Digital certificates in C2PA
C2PA signing uses certificates and private keys to bind a manifest to media. C2PA Signer supports test certificates for demos and may use imported signing material for controlled workflows.
Certificate roles
What certificates prove and what they do not
Signature binding
A certificate helps verify that the manifest signature matches the public key associated with the signing material.
Chain context
The certificate path helps determine whether a signature can be linked to a recognized public trust source.
Not a truth verdict
A valid certificate does not prove that visual content is true.
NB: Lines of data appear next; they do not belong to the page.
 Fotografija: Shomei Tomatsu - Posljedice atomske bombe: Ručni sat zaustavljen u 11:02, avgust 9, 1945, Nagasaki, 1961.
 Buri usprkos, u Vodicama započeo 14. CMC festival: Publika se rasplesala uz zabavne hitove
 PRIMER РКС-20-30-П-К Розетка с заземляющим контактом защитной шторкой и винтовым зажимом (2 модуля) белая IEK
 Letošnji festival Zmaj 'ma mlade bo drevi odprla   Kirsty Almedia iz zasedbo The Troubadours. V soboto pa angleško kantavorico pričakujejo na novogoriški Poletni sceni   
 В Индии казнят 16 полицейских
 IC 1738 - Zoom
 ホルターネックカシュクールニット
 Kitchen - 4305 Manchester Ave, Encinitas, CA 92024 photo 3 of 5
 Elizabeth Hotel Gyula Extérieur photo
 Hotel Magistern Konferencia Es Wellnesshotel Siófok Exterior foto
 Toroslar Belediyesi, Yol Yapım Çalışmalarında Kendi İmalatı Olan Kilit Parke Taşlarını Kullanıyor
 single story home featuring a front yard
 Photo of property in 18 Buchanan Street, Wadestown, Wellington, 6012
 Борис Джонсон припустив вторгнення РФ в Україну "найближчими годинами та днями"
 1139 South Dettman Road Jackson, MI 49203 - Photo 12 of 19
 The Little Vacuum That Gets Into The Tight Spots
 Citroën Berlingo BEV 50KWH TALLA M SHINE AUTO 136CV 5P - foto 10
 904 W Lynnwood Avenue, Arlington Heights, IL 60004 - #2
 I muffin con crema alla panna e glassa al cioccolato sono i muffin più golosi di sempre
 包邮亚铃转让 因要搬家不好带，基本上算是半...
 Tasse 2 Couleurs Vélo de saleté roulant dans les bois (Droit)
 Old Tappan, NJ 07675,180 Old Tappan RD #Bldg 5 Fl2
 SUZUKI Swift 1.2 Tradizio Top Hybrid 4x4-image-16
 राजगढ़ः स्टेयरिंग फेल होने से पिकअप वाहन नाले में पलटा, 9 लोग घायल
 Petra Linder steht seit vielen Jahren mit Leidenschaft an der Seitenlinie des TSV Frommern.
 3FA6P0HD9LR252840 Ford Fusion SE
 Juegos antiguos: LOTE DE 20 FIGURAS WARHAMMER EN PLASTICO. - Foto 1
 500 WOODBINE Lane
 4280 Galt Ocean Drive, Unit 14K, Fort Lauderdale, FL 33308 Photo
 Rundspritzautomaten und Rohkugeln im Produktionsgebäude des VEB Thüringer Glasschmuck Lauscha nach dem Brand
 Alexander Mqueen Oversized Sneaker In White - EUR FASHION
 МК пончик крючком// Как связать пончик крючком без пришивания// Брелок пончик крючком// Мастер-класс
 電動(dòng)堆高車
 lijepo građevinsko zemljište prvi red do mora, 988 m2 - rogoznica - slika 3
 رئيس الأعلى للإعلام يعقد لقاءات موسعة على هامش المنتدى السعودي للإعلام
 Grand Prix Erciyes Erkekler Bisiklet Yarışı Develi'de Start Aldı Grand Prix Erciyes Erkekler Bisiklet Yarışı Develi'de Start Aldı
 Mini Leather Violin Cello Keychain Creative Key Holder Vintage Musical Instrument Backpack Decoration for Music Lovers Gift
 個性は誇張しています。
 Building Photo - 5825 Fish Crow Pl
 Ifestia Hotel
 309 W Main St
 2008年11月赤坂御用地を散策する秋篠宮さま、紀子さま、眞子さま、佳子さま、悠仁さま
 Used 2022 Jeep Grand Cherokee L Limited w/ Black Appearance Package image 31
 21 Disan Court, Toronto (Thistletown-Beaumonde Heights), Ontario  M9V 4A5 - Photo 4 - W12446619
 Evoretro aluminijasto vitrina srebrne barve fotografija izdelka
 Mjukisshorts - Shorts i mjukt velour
It supports provenance and integrity review.
Signing material
Test certificates and imported certificates
| Type | Use case | Trust implication |
|---|---|---|
| Test certificate | Demos, development, internal validation and learning workflows. | Not public production trust. It should usually appear as Signed but untrusted. |
| Imported .p12 / .pfx | Controlled signing workflows with existing signing material. | Trust depends on certificate properties and whether the chain is recognized. |
| Hardware-backed material | Planned support for security token, smart card or managed key workflows. | Will improve key handling when available, but public trust will still depend on the certificate chain. |
Private keys should be handled carefully. Do not import production signing credentials into environments you do not control. Test certificates are for demos and development only.
Report fields
What to inspect in certificate details
Who the certificate identifies and which authority issued it.
Whether the certificate is valid for the time being evaluated.
Whether certificate properties are compatible with the signing workflow.